:: Task prompt ::
These records contain pictures, which must be left out; copy exactly the lines from the one with "Maisonette Lejlighed Château-lʼÉvêque" up to and including the one with "PROXI MOSAICO COLORI".

:: Material for this exercise ::

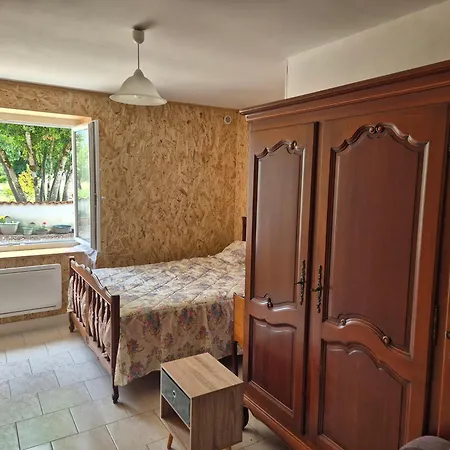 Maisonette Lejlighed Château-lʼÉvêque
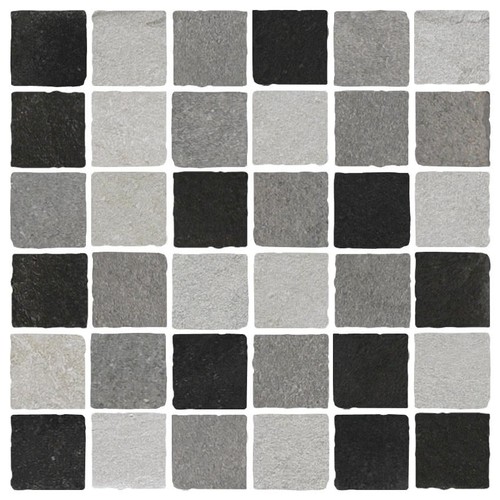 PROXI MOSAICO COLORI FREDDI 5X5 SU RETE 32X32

==

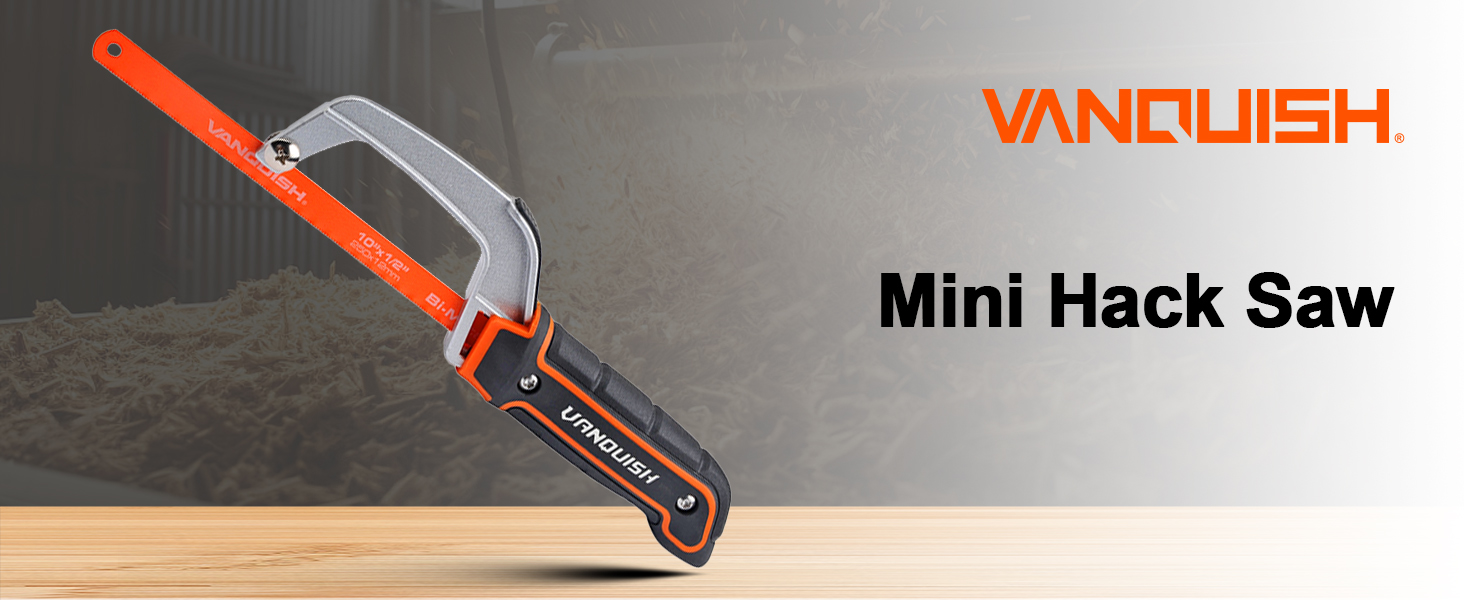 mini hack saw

:: Answer to the problem ::
 Maisonette Lejlighed Château-lʼÉvêque
 PROXI MOSAICO COLORI FREDDI 5X5 SU RETE 32X32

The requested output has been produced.